◆ TASK OBJECTIVE
Extract the stretch of lines that starts at the line with "2005 Ford Focus" and ends at the last line of the data below. Give it exactly, without pictures.

◆ EXERCISE DATA
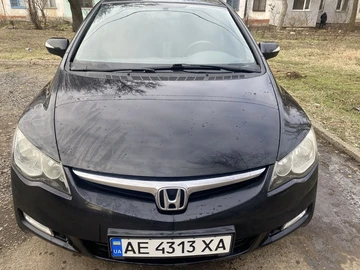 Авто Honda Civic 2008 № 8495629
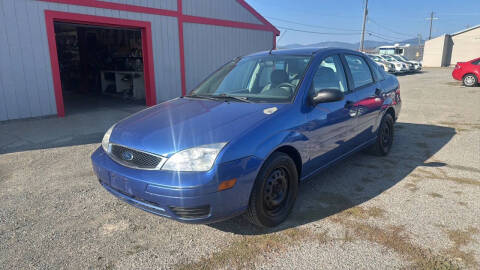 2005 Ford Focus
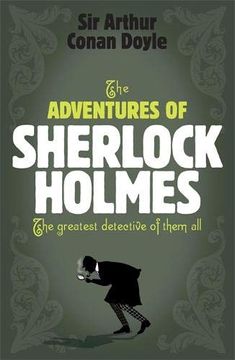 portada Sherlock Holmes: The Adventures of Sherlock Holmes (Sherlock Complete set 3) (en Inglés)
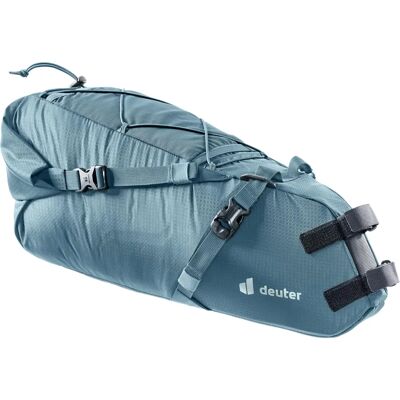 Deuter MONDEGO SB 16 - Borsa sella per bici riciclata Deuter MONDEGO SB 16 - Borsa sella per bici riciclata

◆ RESPONSE TO THIS EXERCISE
 2005 Ford Focus
 portada Sherlock Holmes: The Adventures of Sherlock Holmes (Sherlock Complete set 3) (en Inglés)
 Deuter MONDEGO SB 16 - Borsa sella per bici riciclata Deuter MONDEGO SB 16 - Borsa sella per bici riciclata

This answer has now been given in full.